The transformational transaction
Enbridge recently announced that it was acquiring Spectra Energy (NYSE:SE) in an all-stock deal valued at $28 billion. Doing so will vault the pro forma company well past Kinder Morgan in size making it the largest energy infrastructure company in North America. More importantly, it will diversify Enbridge's earnings so that it will become much more balanced between liquids and natural gas, which will supply 49% and 47%, respectively, of EBITDA going forward. Contrast that with Kinder Morgan, where natural gas supplies 57% of EBITDA.
Furthermore, 96% of the company's pro forma cash flow comes from stable cost-of-service, take-or-pay, or fee-based contracts. Contrast this with Kinder Morgan where fees support 91% of its cash flow. Meanwhile, less than 5% of Enbridge's cash flow has exposure to commodity prices, while 9% of Kinder Morgan's cash flow is either commodity-based or hedged cash flow. While Kinder Morgan's direct exposure is minor, it is one reason why its distributable cash flow per share declined from $2.14 last year to a projection of $2.10 in 2016.
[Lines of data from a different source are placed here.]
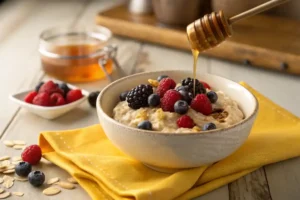 chia seed pudding : A bowl of oatmeal topped with fresh berries and a drizzle of honey.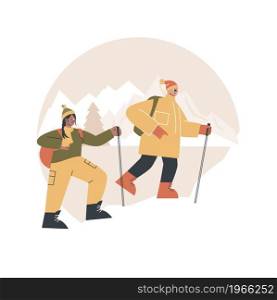Winter hiking abstract concept vector illustration. Hiking experience, warm clothing, mountain lodge vacation, winter walking, outdoor activity, buy apparel online, destination abstract metaphor.. Winter hiking abstract concept vector illustration.
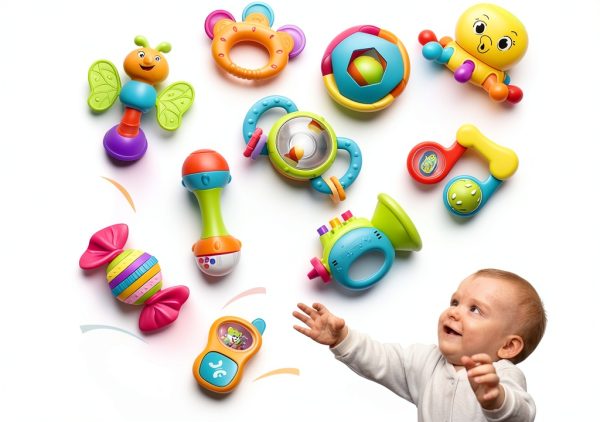 iPlay iLearn Baby Rattle Set 10 Bright Primary Rattles & Teethers-0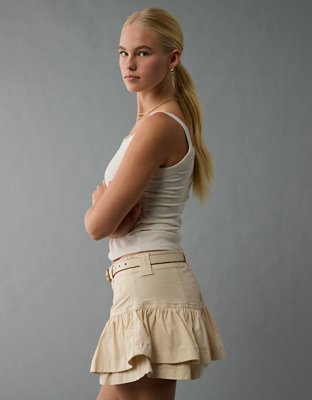 AE Skort Stretch con Volantes Pequeños y Tiras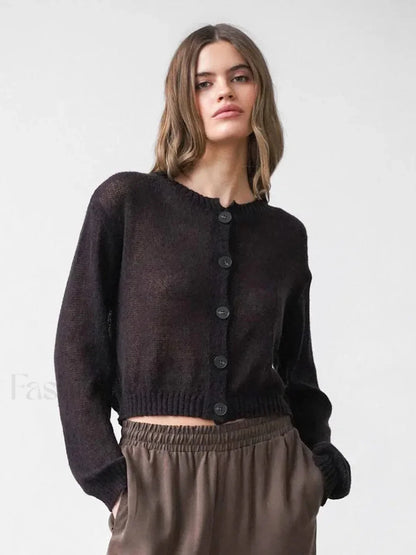Hollow Knit See Through Cardigan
What sets Enbridge apart is its unmatched growth. By combining its growth project backlog with Spectra Energy's, it boasts an industry-leading $20 billion in projects currently under development compared to $13.5 billion at Kinder Morgan. Enbridge intends to fund the bulk of the backlog through internally generated cash flow, planned asset monetizations, and joint venture contributions. Because of that, it foresees no need to access the equity market to complete its current project backlog.
Enbridge's backlog supports its projections that it will grow its available cash flow from operations by 12% to 14% through 2019. As a result, the company has high visibility to grow its dividend by 10% to 12% through 2024, including an anticipated 15% increase in 2017. Contrast this with Kinder Morgan, which cut its dividend 75% last year and plans to keep its payout flat until it gets its leverage under control. Based on current projections, dividend growth in 2017 is questionable.
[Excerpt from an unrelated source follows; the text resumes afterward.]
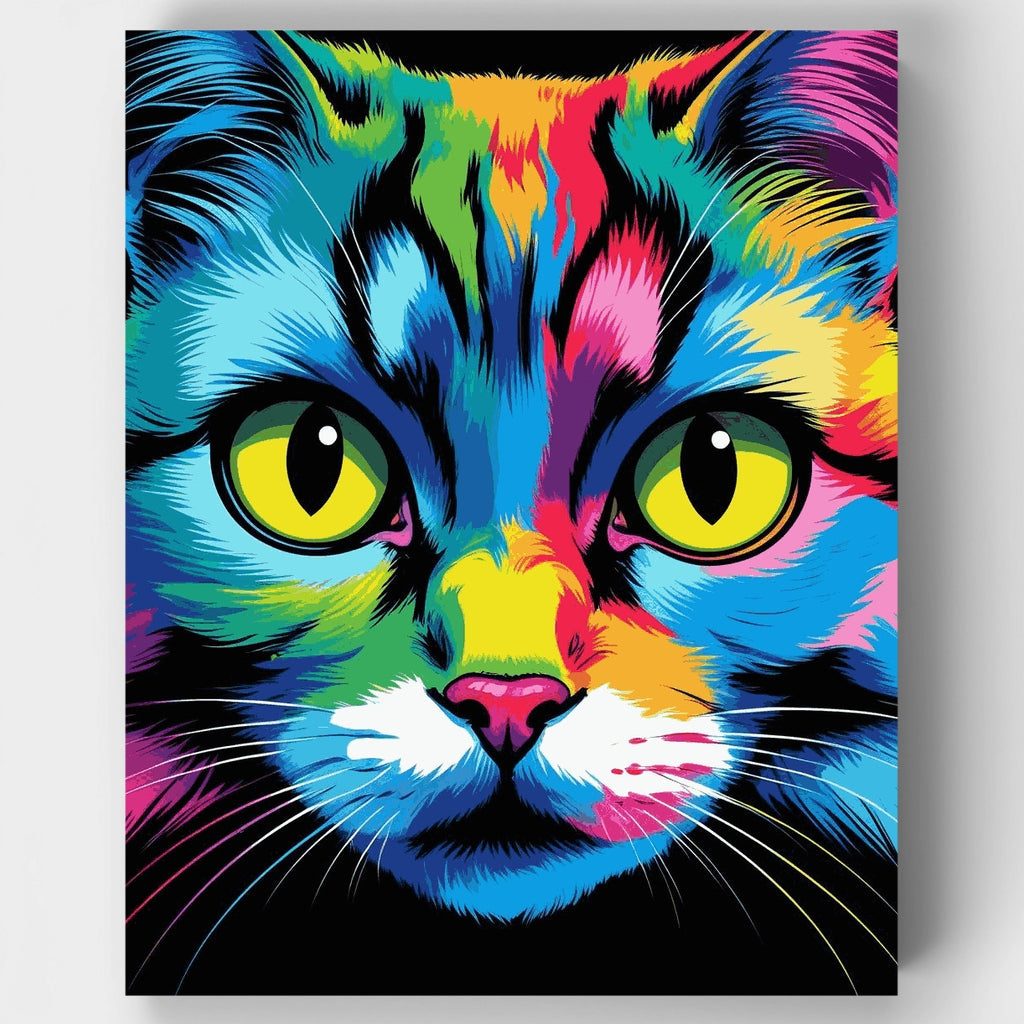 Kit de pintura por números - Gato arcoíris vibrante — Estándar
In addition to the growth Enbridge already has in development, the company has another $37 billion of future projects to support continued expansion over the next decade. While these projects span all six Enbridge's segments, what differentiates it from Kinder Morgan is the growth potential of its renewable power segment. Not only does Enbridge currently have 1,800 MW of renewable generation capacity already in service, but it has nearly C$10 billion in growth projects under development. These projects consist of offshore wind farms in Europe, transmission lines, and other renewable developments. There's an enormous amount of growth potential in the renewable sector given the global shift away from fossil fuels, which gives Enbridge a nearly endless supply of opportunities in the years ahead.
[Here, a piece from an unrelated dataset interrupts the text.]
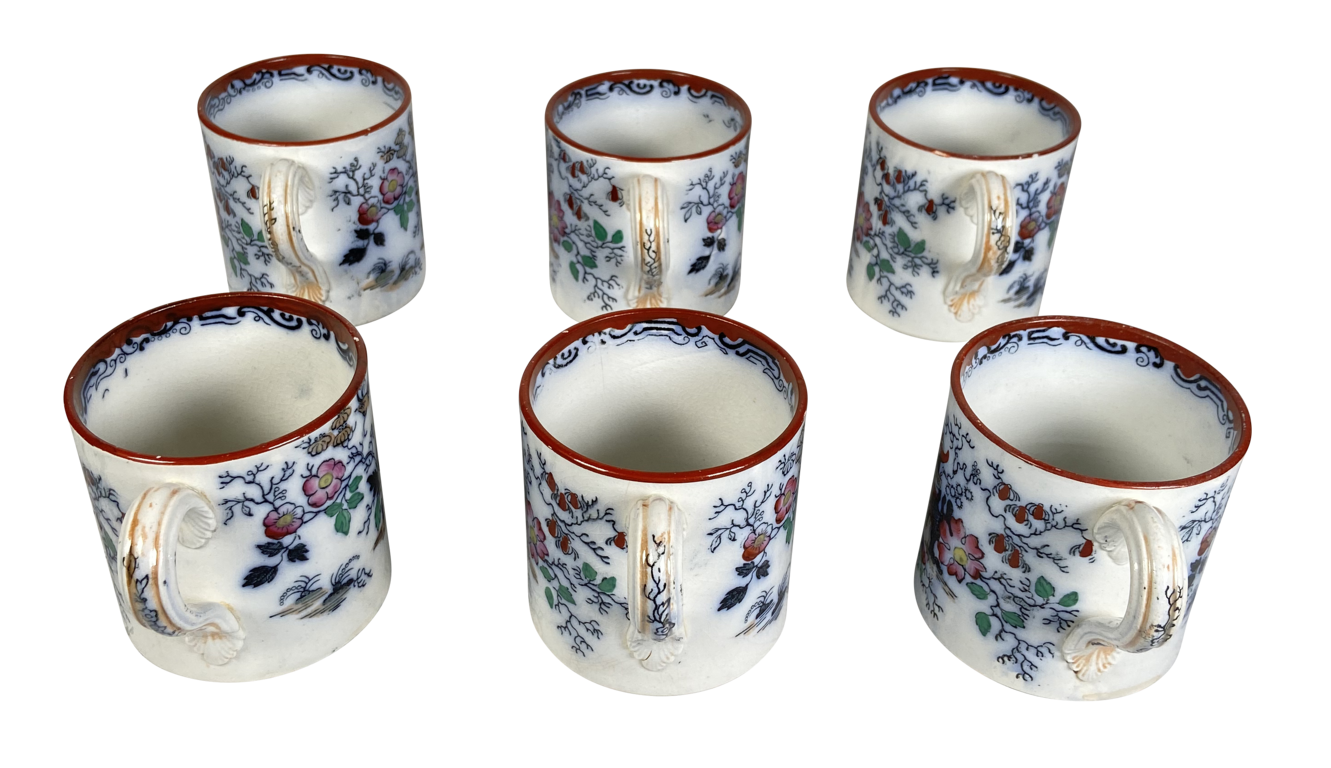 Set of Six Chinese Export Pattern Staffordshire Pottery Cups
Enbridge believes that its acquisition of Spectra Energy pushes it over the top to become the must own energy infrastructure stock in the sector. The numbers certainly stand out, with the largest in the group by size and the most growth potential both in the absolute value of its current project backlog as well as projections for double-digit cash flow and dividend growth for the next several years. Needless to say, investors who are interested in Kinder Morgan should check out what Enbridge has to offer.